What’s the state of labor market intelligence at SkyHive when utilizing Rockset and Databricks? SkyHive is revolutionizing talent analytics with an innovative platform that leverages Rockset and Databbrands to create a seamless integration.

October 11, 2024

77

Empowering professionals to thrive in a rapidly evolving work landscape, our cutting-edge reskilling platform delivers seamless end-to-end solutions. By leveraging AI-driven abilities assessment, it accurately predicts future skill demands and bridges knowledge gaps with personalized learning pathways and relevant job opportunities. Collaborating closely with household leaders alongside Accenture and Workday, we’ve garnered recognition as a ‘Cool Vendor’ in Human Capital Management from esteemed research firm Gartner.

We have successfully developed a comprehensive Labor Market Intelligence database featuring a vast repository of information that covers:

Data profiles on approximately 800 million anonymized employees and 40 million firms.
Across 150+ global locations, approximately 1.6 billion job postings
Three trillion unique skill combinations are needed to meet the demands of both current and future job requirements.

Every day, our database processes an astonishing 16 terabytes of data, sourced from a variety of inputs: job postings harvested by our network crawlers and paid streaming knowledge feeds. Now that we’ve completed extensive research in advanced analytics and machine learning, we’re able to derive valuable insights into current and future global job trends.

Thanks to our pioneering expertise, positive reputation, and strategic partnerships with industry leaders like Accenture, we’re experiencing rapid growth, with a daily influx of 2-4 new business prospects.
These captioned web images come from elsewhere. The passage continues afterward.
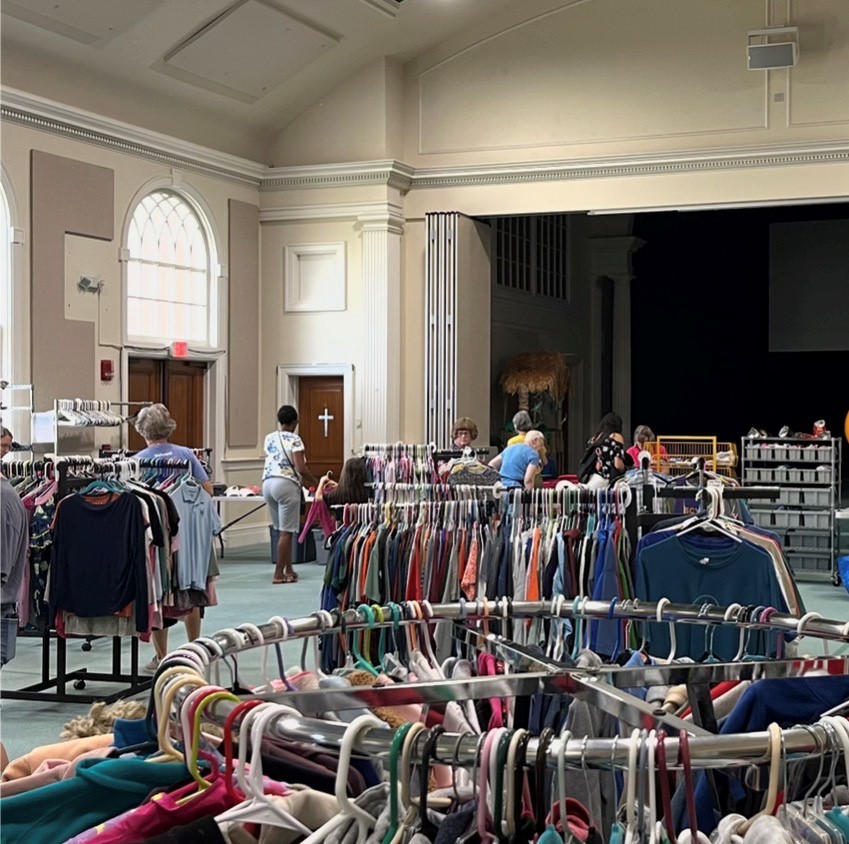 People browse clothing racks inside a spacious room with high ceilings and large windows.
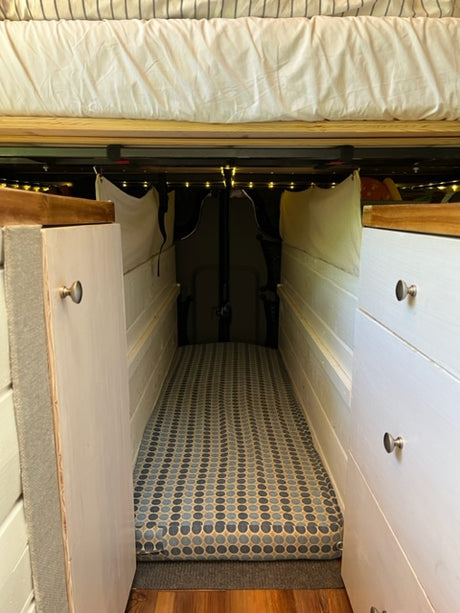 This RV rental interior features a cozy sleeping area, cabinet storage, patterned cushion, and decorative string lights.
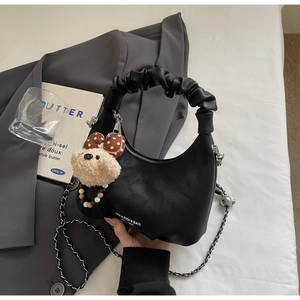 Detail einer schwarzen Hobo-Tasche mit Falten-Griff, Silberkette und Plüschbär-Anhänger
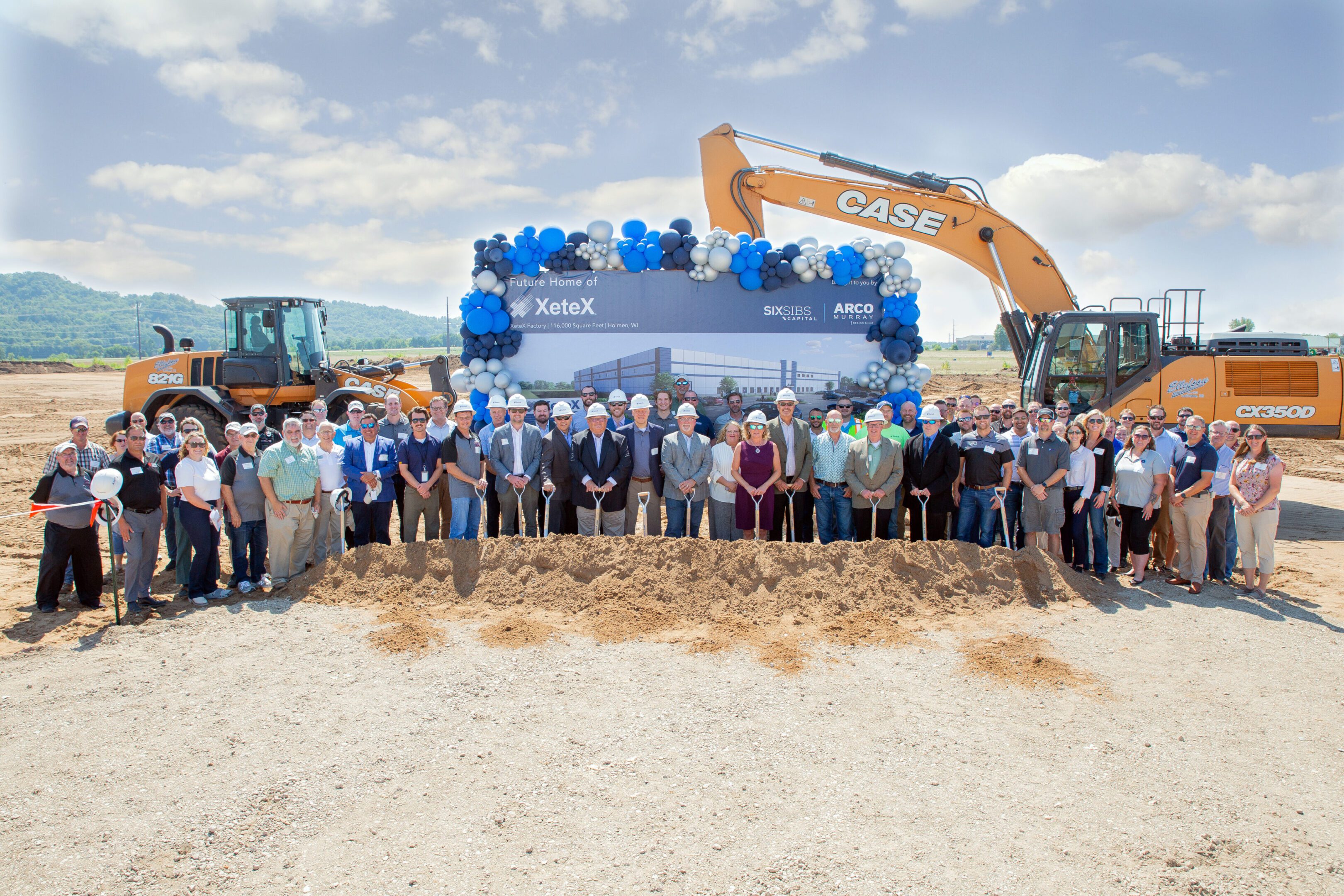 Groundbreaking ceremony group with excavators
Pushed by Knowledge and Analytics

Like trailblazing innovators such as Uber, Airbnb, and Netflix, our company is revolutionizing the global Human Resources and Human Capital Management (HR/HCM) landscape by championing a new era of data-driven enterprises.

A cloud-based platform empowers workers to develop their professional aptitudes by providing interactive resources and expert guidance on how to acquire essential skills.
A cloud-based analytics platform offers an intuitive, user-friendly dashboard for executive and HR stakeholders to explore and drill down into insights on a), b) and c).

SkyHive Enterprise dashboard

A premium offering enabling businesses to tap into more nuanced analytics, including benchmarking against competitors and talent acquisition recommendations to bridge skill disparities.

SkyHive platform

Despite its flexibility, scalability, and ease of use, MongoDB’s performance in handling analytical queries remains a challenge. When dealing with large datasets or complex aggregations, the database may struggle to provide timely results, potentially leading to slower response times or even timeouts.

To mitigate these issues, consider implementing the following strategies:

? Avoid using MongoDB for complex analytics: As much as possible, keep your analytics workloads separate from your operational databases and use a purpose-built solution like Hadoop or Spark.
? Use MapReduce: MongoDB’s built-in MapReduce functionality allows you to process large amounts of data in parallel, but it may not be the best choice for complex queries.
? Optimize query performance: Ensure that your database is well-indexed, and optimize your queries by minimizing joins, using efficient sorting and grouping algorithms, and leveraging window functions where possible.
? Leverage aggregation frameworks: Utilize MongoDB’s Aggregation Framework to simplify complex queries and improve performance.

Approximately 16 terabytes of raw text data from various internet crawlers and knowledge feeds are transferred daily into our databases. The knowledge was subsequently processed and then loaded into our analytics and serving database, MongoDB.

To efficiently handle advanced analytics across vast datasets involving job postings, resumes, programming skills, and diverse geographic locations, the MongoDB query performance needed significant improvement, especially when querying patterns were not predetermined in advance. This prompted multidimensional queries and joins to become sluggish and expensive, rendering it impossible to provide the interactive performance our customers demanded.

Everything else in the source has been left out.